As companhias são dos mais variados ramos, como telefonia, cosméticos, educação e logística e buscam entrar nesse mercado para oferecer a prestação de serviços financeiros a seus clientes.
Dessa forma elas investem em criação de novos meios de pagamento ou concessão de crédito para seus próprios clientes ou até mesmo para seus colaboradores.
Esse movimento de empresas não relacionadas a fintechs foi impulsionado pela Lei nº 12.865 que tirou o monopólio dos bancos sobre a emissão de boletos, cartão de crédito, maquininhas on-line, etc. Ao mesmo tempo, o menor grau de exigências regulatórias permitido através de resoluções do Bacen, acabou incentivando outros setores a entrarem no mercado das fintechs.

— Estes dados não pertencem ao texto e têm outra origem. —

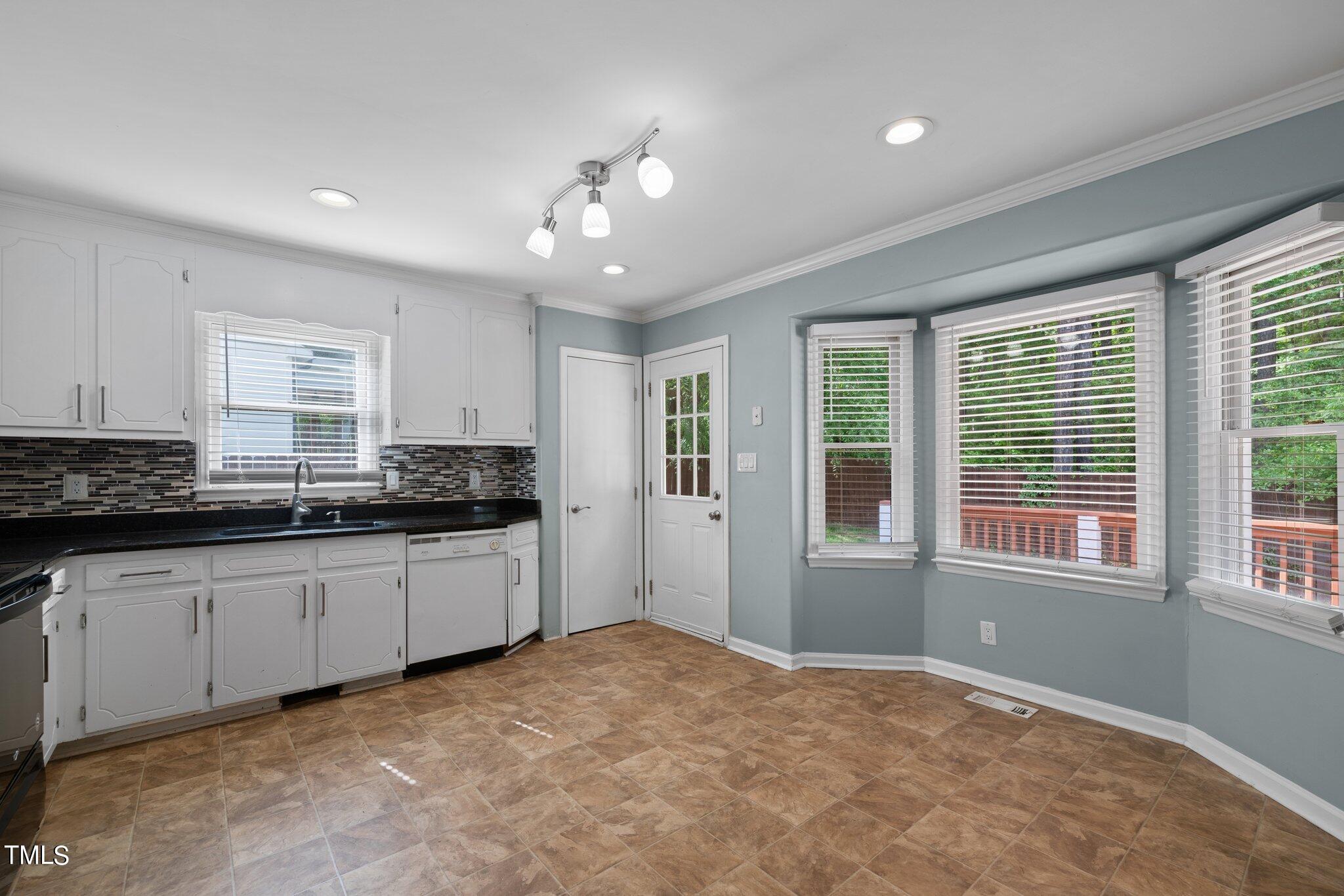 4209 Timberbrook Drive Raleigh, NC 27616 - Photo 10 of 39 a large white kitchen with granite countertop a stove and cabinets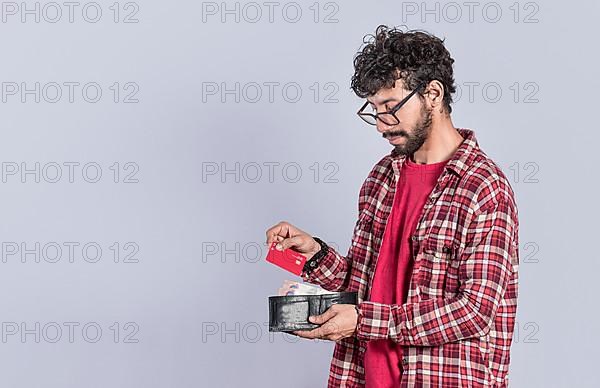 Person taking out credit card from his wallet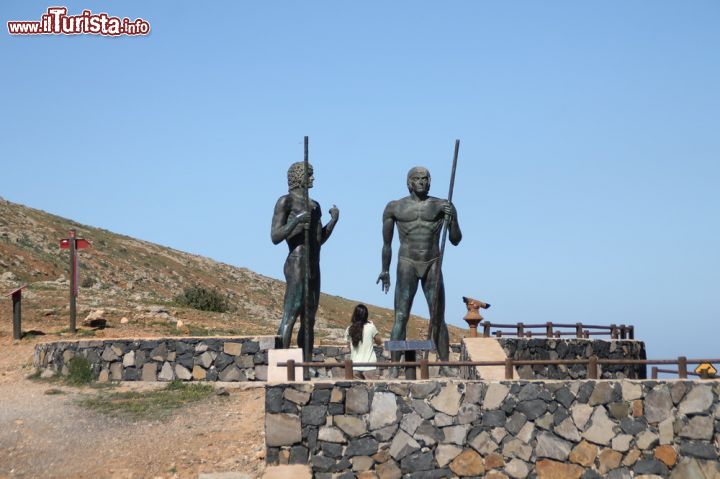 Immagine Le statue di bronzo a Fuerteventura (Spagna) - Come si vede dall'immagine la loro presenza è decisamente mastodontica. Sono alte 4 metri ciascuna e le due statue di bronzo, Ayos e Guize, rappresentano un'attrattiva fortissima non solo per la loro altezza. Entrambi, infatti, rappresentano una porzione di storia importante per Fuerteventura. Sovrano che si è prestato all'alleanza, Ayos, con il re del regno di Maxorata, Guize, per far fronte comune ai conquistadores e scacciarli così dai territori canariani.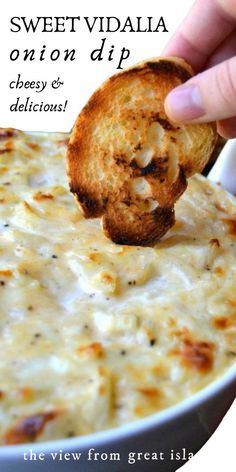 a hand dipping some bread into a bowl of dip with the words sweet vidalla onion dip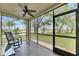 Relaxing screened-in patio with a ceiling fan and serene views of lush greenery at 367 Bobby Jones Rd # 367, Sarasota, FL 34232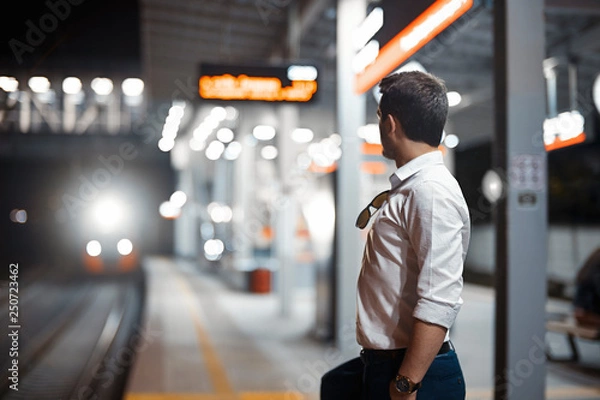 Obraz Young attractive businessman waiting for train in metro or subway.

Em entrevista ao Valor Econômico, Ivan Marques, sócio da área de fintechs do Veirano Advogados diz que a demanda no escritório aumentou significativamente. “Temos mais de 15 projetos em andamento nesse sentido. Empresas do ramo de educação, por exemplo, têm interesse nesse mercado para substituir o Fies [Financiamento Estudantil]”, diz Marques.